What you are asked to do:
From the first line of the records below, transcribe each line exactly up to and including the one with "Badeværelsesskab Sort eg"; pictures stay out.

** Data section follows **

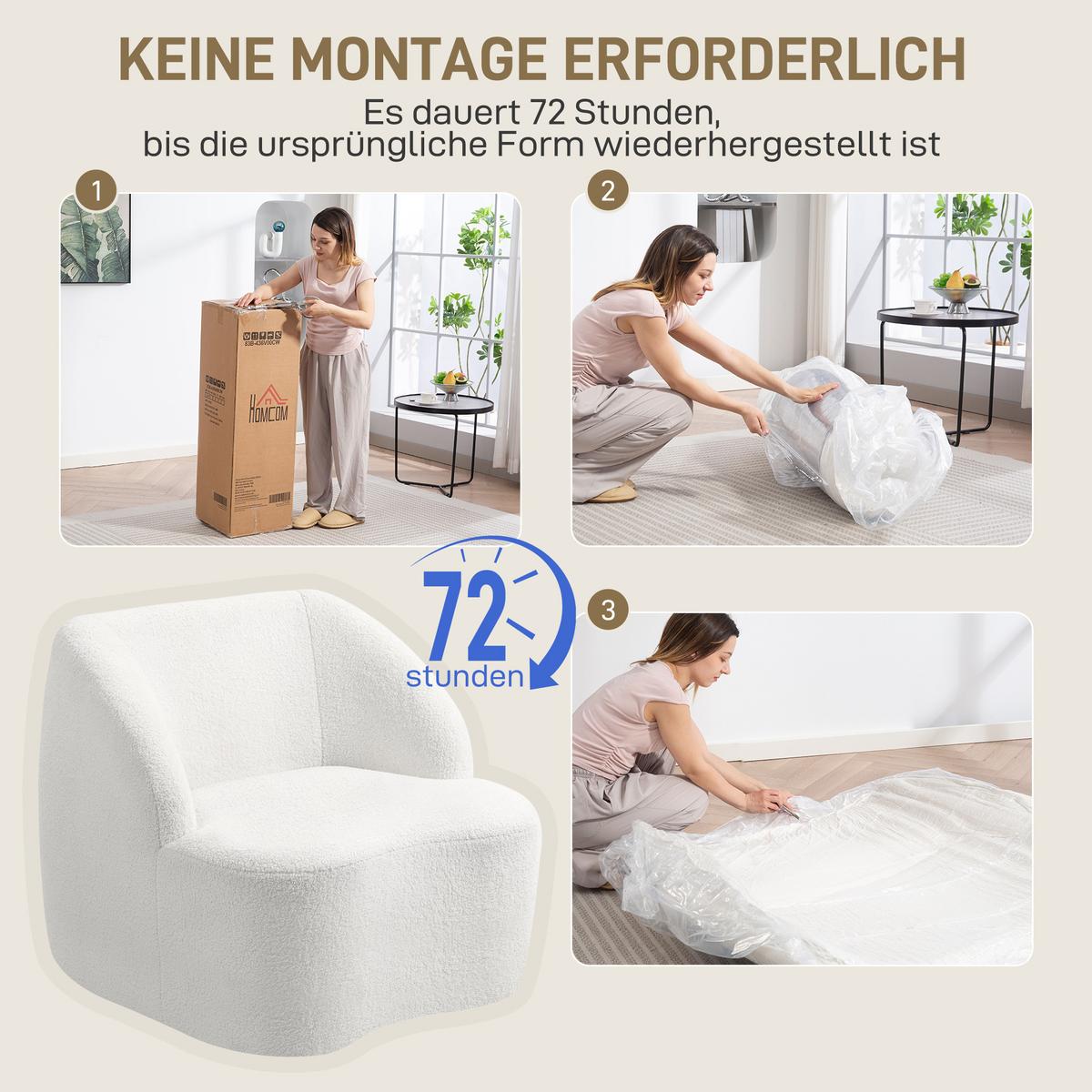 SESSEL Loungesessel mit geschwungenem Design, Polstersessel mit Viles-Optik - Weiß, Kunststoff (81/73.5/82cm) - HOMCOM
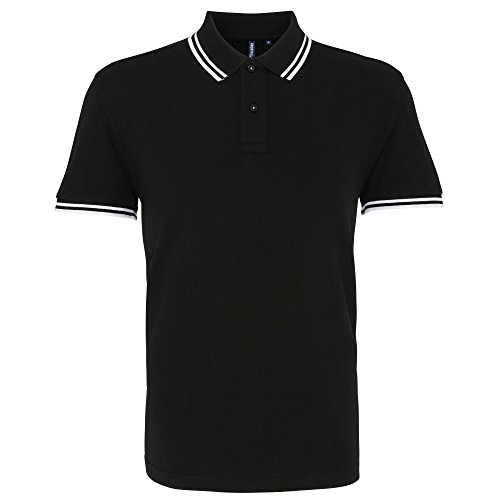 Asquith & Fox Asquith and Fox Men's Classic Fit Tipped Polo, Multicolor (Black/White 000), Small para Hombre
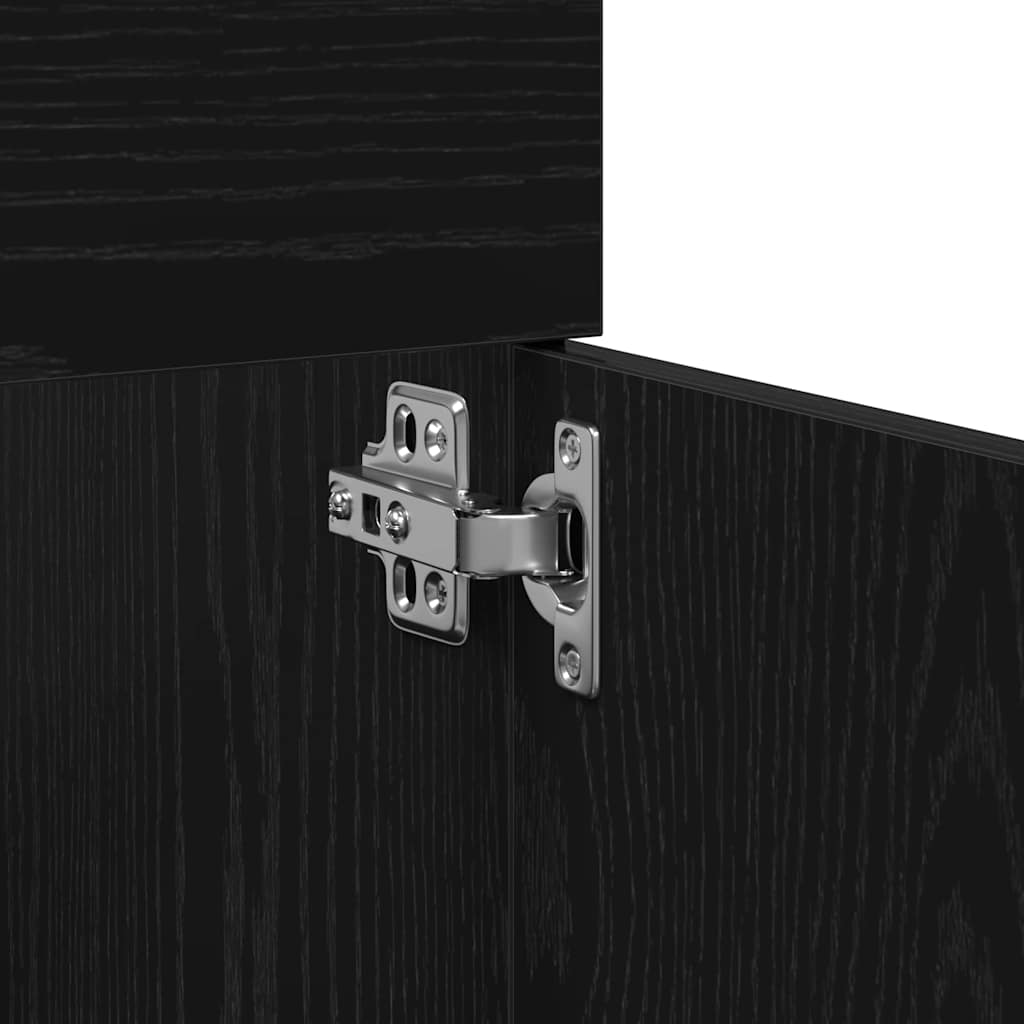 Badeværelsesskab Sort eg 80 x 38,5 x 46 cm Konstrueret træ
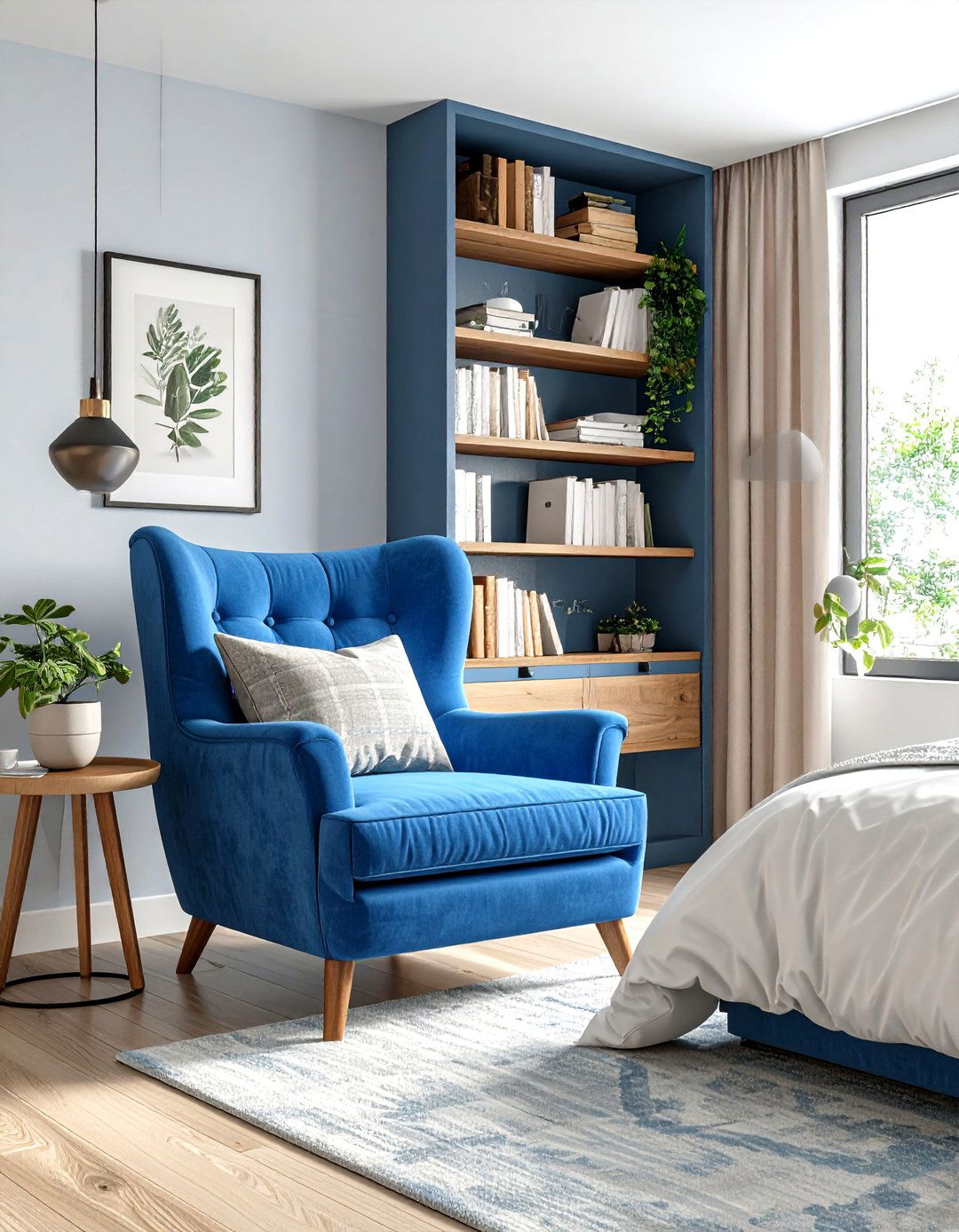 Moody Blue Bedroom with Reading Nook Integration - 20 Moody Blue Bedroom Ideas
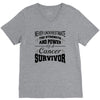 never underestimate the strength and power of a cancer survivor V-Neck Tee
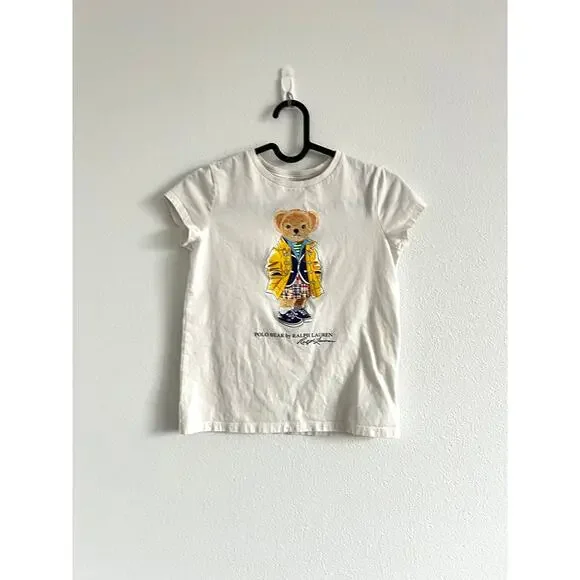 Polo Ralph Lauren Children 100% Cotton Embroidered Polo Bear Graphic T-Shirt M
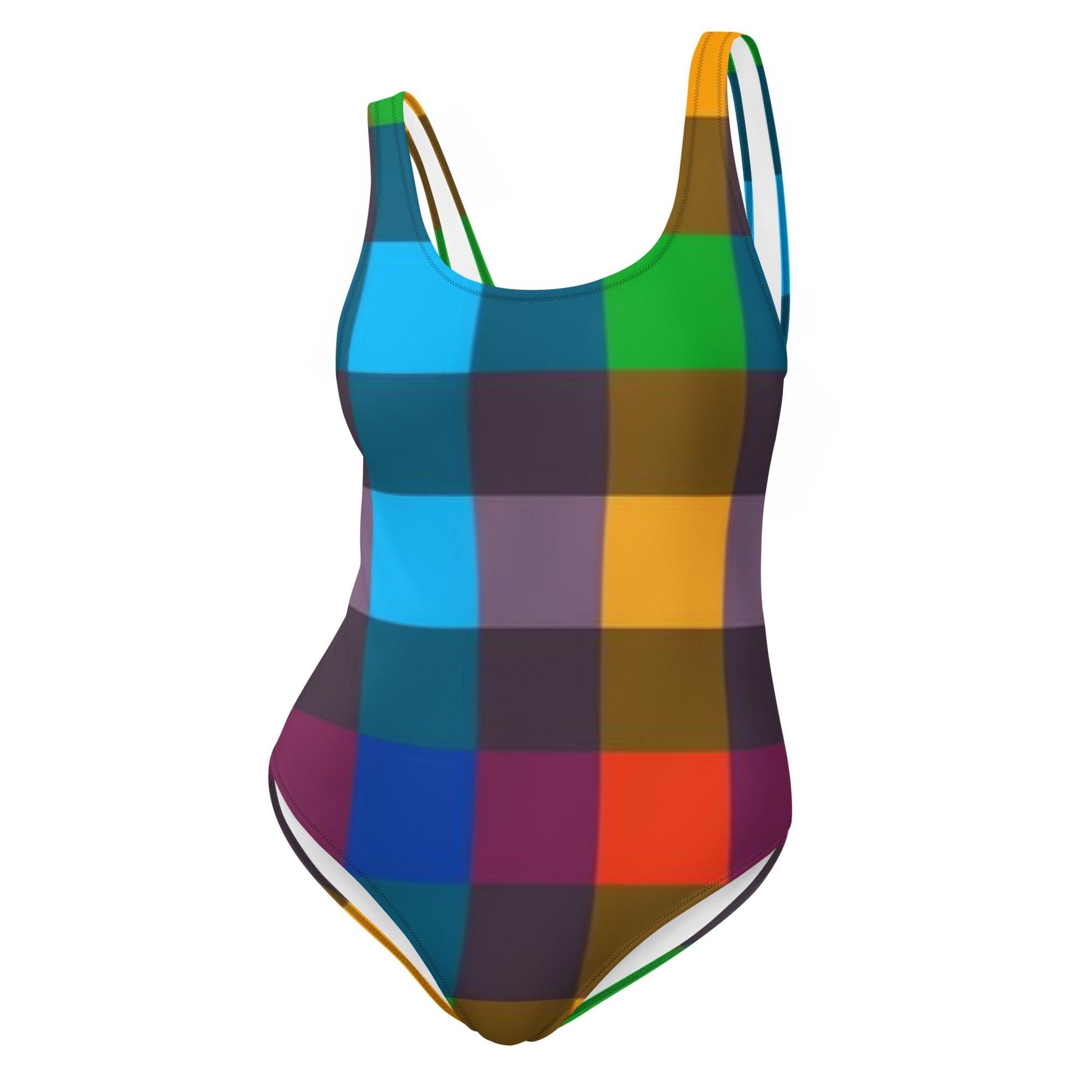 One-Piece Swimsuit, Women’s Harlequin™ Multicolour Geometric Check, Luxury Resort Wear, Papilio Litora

** End of Data section **

Response to the exercise:
 SESSEL Loungesessel mit geschwungenem Design, Polstersessel mit Viles-Optik - Weiß, Kunststoff (81/73.5/82cm) - HOMCOM
 Asquith & Fox Asquith and Fox Men's Classic Fit Tipped Polo, Multicolor (Black/White 000), Small para Hombre
 Badeværelsesskab Sort eg 80 x 38,5 x 46 cm Konstrueret træ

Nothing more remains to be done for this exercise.